Thursday, May 22, 2008

Let it be said though that I liked Land of the Dead, I don't care what the rest of the interweb says.

Have you ever noticed that zombie movies all take place in a universe WITHOUT zombie movies? It's as though zombies are a completely foreign concept to anyone who stumbles across one. It never clicks in anyone's mind that 'Hey! I've seen shit like this before on the TV!'

Wait, that's not entirely true. If it's a zombie movie with a bit of comedy, then you can acknowledge that zombies are in movies.

Of course this has nothing to do with anything else. Just one of those things that sticks in my head after watching Diary of the Dead, aka George A. Romero's Diary of the Dead. That's important, it's a Romero zombie movie.

This time, rather than taking on racial stereotypes or consumerism or militarism or corporate greed, we're attacking...YouTube. And blogs. And this 24 hour information overload society. Ok. Fine. I agree that this whole 'everyone's opinion matters and should be shoved online' thing might be a bad idea. I'll also readily admit that I'm a part of the problem. I have a Myspace, a LiveJournal, this blog, a Facebook, I use Twitter, I post pictures from my camera phone to another blog. I make my vacation photos available online via Picasa. And you know what else? I'll be the first to admit that nothing I do online matters to anyone else. More people come here from the Google looking for the pictures I've posted than for anything I have to say. I'd get a lot more attention if I were posting pictures of Scarlett Johansson naked.

Where was I going with that?

Ok, right, Diary of the Dead is about a handful of kids and an old drunk professor trying to survive in a world over run by zombies. Chronologically speaking, in the Romero zomb-iverse (I just made that up, you like it? Feel free to use it yourself), this takes place at about the same time as Night of the Living Dead. It's right at the beginning of the outbreak. Luckily though, these kids are all student film makers, so they have the most important thing to have in a zombie attack, a camera! As soon as the zombies see that, they get all self-conscious and start primping and worrying about the extra ten pounds that the camera puts on, so they have to rip out there guts to shed the weight, but then their guts are all over the ground and they start tripping over them and falling down. Then they start chasing each other, and then they're chasing the people and then the people are chasing the zombies and suddenly it turns into a Benny Hill skit.
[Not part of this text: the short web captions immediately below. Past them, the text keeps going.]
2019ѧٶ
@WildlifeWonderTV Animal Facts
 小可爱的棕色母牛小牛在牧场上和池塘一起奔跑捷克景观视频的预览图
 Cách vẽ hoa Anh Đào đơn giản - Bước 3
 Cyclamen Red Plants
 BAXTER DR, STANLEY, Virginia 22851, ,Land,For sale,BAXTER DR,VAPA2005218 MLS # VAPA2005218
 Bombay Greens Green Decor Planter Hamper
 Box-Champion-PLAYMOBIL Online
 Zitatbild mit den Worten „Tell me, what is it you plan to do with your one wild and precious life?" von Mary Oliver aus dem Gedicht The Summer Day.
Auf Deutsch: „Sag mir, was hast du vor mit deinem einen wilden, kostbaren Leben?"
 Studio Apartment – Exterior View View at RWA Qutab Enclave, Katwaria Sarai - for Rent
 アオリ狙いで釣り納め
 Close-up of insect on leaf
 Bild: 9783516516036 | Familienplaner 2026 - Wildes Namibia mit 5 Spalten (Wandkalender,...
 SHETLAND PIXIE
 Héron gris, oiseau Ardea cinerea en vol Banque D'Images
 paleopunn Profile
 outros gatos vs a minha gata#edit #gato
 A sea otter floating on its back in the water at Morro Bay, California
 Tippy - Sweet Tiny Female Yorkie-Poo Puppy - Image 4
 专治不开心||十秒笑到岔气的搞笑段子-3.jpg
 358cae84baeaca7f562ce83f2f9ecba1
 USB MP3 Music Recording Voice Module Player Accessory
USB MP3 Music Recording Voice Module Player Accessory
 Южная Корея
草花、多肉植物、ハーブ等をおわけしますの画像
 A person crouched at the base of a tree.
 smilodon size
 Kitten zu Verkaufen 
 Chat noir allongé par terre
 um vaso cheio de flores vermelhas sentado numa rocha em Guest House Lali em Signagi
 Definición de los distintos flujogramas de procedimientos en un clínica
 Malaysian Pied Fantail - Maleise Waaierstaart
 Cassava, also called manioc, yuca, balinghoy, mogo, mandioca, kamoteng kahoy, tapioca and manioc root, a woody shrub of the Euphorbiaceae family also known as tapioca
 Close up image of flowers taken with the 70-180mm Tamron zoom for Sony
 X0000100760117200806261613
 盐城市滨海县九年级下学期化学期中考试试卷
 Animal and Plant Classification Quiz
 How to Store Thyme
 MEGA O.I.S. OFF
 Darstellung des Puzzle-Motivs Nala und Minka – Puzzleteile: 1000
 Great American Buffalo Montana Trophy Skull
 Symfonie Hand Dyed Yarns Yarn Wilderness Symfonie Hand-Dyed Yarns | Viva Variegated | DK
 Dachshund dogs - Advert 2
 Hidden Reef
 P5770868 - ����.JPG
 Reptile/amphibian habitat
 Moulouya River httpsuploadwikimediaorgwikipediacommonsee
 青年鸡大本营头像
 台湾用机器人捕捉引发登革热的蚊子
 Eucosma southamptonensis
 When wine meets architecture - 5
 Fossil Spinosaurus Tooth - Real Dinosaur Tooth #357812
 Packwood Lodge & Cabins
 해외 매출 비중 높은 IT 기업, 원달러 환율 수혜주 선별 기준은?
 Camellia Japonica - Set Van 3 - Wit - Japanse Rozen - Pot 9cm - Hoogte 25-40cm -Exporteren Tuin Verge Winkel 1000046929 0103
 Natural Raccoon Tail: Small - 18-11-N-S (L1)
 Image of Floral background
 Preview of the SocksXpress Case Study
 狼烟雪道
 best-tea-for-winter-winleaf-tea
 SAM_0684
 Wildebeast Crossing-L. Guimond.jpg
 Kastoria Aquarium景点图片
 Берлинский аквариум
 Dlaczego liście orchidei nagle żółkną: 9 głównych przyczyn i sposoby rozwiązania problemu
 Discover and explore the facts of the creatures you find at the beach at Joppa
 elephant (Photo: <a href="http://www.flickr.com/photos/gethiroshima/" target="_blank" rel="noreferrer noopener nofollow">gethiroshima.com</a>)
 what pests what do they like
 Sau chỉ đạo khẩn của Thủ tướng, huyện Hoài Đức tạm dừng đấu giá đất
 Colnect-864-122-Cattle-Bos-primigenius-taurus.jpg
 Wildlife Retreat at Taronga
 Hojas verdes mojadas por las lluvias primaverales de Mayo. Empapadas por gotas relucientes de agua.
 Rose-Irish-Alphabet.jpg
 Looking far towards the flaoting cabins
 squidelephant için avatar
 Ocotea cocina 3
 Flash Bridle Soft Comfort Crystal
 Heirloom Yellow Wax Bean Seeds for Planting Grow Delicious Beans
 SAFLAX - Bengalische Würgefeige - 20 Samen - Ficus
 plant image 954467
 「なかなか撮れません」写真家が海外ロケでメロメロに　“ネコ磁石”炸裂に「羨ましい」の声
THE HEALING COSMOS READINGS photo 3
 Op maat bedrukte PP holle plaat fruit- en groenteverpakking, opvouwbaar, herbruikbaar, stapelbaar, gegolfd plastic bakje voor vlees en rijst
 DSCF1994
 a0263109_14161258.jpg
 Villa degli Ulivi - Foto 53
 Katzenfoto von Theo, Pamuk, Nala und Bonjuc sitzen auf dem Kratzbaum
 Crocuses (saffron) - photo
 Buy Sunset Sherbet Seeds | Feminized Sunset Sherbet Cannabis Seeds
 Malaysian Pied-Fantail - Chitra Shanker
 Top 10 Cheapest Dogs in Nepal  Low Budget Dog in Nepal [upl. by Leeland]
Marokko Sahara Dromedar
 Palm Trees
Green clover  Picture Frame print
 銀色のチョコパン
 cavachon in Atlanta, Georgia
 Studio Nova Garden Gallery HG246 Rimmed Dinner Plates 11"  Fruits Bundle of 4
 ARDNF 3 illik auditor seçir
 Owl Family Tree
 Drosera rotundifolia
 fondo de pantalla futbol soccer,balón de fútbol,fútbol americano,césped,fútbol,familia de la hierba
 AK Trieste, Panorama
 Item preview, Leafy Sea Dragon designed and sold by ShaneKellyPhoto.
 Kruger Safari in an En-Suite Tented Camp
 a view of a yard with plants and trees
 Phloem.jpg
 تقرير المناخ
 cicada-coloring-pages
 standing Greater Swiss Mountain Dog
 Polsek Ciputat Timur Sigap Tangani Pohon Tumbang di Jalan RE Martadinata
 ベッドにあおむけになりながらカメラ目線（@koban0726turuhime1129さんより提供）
I made that last part up. It may as well have though. At least that would have been unexpected. Instead, you have a fairly by-the-numbers zombie movie. And if anyone else had made it, this would be an entirely different article. But this is a Romero zombie movie. It's held to a different standard. Romero isn't just a director of zombie movies, he's a brand name. Romero is Pepsi to Sam's Choice Cola, he's Kraft Macaroni and Cheese to Kroger Brand Mac N' Cheese. It's a different standard. And when held to that standard, Diary withers.


The characters are shallow and underdeveloped. No one has a back story. Tony is the angry young man because he's from Brooklyn. Eliot is the technology nerd, you can tell because of his glasses. Everyone is just a poorly developed stereotype. At one point, our Scooby Gang gets stopped. By 3 angry black men. With guns. It wouldn't have been so annoying, and mildly racist, if the scene had been necessary. But, in looking back, if the whole time the were with them had been cut out, the movie would hardly have been effected. The only minorities in the movie are thrilled that they're in power now that everyone else who had the power before left! They didn't earn it. They weren't the ones who kept cool and gathered supplies and came to be respected for their foresight and ability to handle pressure. No, they stumbled into it.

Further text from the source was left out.